EVI1 triggers metabolic reprogramming associated with leukemogenesis and increases sensitivity to L-asparaginase
Yusuke Saito,
Daisuke Sawa,
Mariko Kinoshita,
Ai Yamada,
Sachiyo Kamimura,
Akira Suekane,
Honami Ogoh,
Hidemasa Matsuo,
Souichi Adachi,
Takashi Taga,
Daisuke Tomizawa,
Motomi Osato,
Tomoyoshi Soga,
Kazuhiro Morishita,
Hiroshi Moritake
Affiliations
Yusuke Saito
Division of Pediatrics, Faculty of Medicine, University of Miyazaki, Miyazaki
Daisuke Sawa
Division of Pediatrics, Faculty of Medicine, University of Miyazaki, Miyazaki
Mariko Kinoshita
Division of Pediatrics, Faculty of Medicine, University of Miyazaki, Miyazaki
Ai Yamada
Division of Pediatrics, Faculty of Medicine, University of Miyazaki, Miyazaki
Sachiyo Kamimura
Division of Pediatrics, Faculty of Medicine, University of Miyazaki, Miyazaki
Akira Suekane
Division of Tumor and Cellular Biochemistry, University of Miyazaki, Miyazaki
Honami Ogoh
Division of Tumor and Cellular Biochemistry, University of Miyazaki, Miyazaki
Hidemasa Matsuo
Department of Human Health Science, Kyoto University, Kyoto
Souichi Adachi
Department of Human Health Science, Kyoto University, Kyoto
Takashi Taga
Department of Pediatrics, Shiga University of Medical Science, Shiga
Daisuke Tomizawa
Division of Leukemia and Lymphoma, Children’s Cancer Center, National Center for Child Health and Development, Tokyo
Motomi Osato
Cancer Science Institute, National University of Singapore, Singapore;International Research Center for Medical Sciences, Kumamoto University, Kumamoto
Tomoyoshi Soga
Institute for Advanced Biosciences, Keio University, Yamagata, Japan
Kazuhiro Morishita
Division of Tumor and Cellular Biochemistry, University of Miyazaki, Miyazaki
Hiroshi Moritake
Division of Pediatrics, Faculty of Medicine, University of Miyazaki, Miyazaki
Metabolic reprogramming of leukemia cells is important for survival, proliferation, and drug resistance under conditions of metabolic stress in the bone marrow.

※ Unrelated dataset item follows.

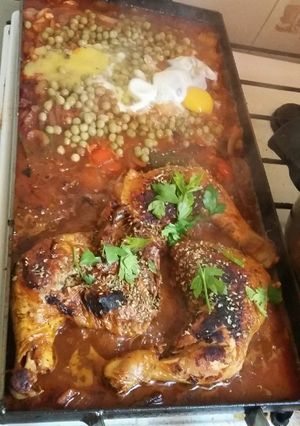 Una foto de Pollo a la portuguesa en la plancheta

Deregulation of cellular metabolism, leading to development of leukemia, occurs through abnormally high expression of transcription factors such as MYC and Ecotropic Virus Integration site 1 protein homolog (EVI1). Overexpression of EVI1 in adults and children with mixed lineage leukemia-rearrangement acute myeloid leukemia (MLL-r AML) has a very poor prognosis. To identify a metabolic inhibitor for EVI1-induced metabolic reprogramming in MLL-r AML, we used an XFp extracellular flux analyzer to examine metabolic changes during leukemia development in mouse models of AML expressing MLL-AF9 and Evi1 (Evi1/MF9). Oxidative phosphorylation (OXPHOS) in Evi1/MF9 AML cells accelerated prior to activation of glycolysis, with a higher dependency on glutamine as an energy source. Furthermore, EVI1 played a role in glycolysis as well as driving production of metabolites in the tricarboxylic acid cycle. L-asparaginase (L-asp) exacerbated growth inhibition induced by glutamine starvation and suppressed OXPHOS and proliferation of Evi1/MF9 both in vitro and in vivo; high sensitivity to L-asp was caused by low expression of asparagine synthetase (ASNS) and L-asp-induced suppression of glutamine metabolism. In addition, samples from patients with EVI1+MF9 showed low ASNS expression, suggesting that it is a sensitive marker of L-asp treatment. Clarification of metabolic reprogramming in EVI1+ leukemia cells may aid development of treatments for EVI1+MF9 refractory leukemia.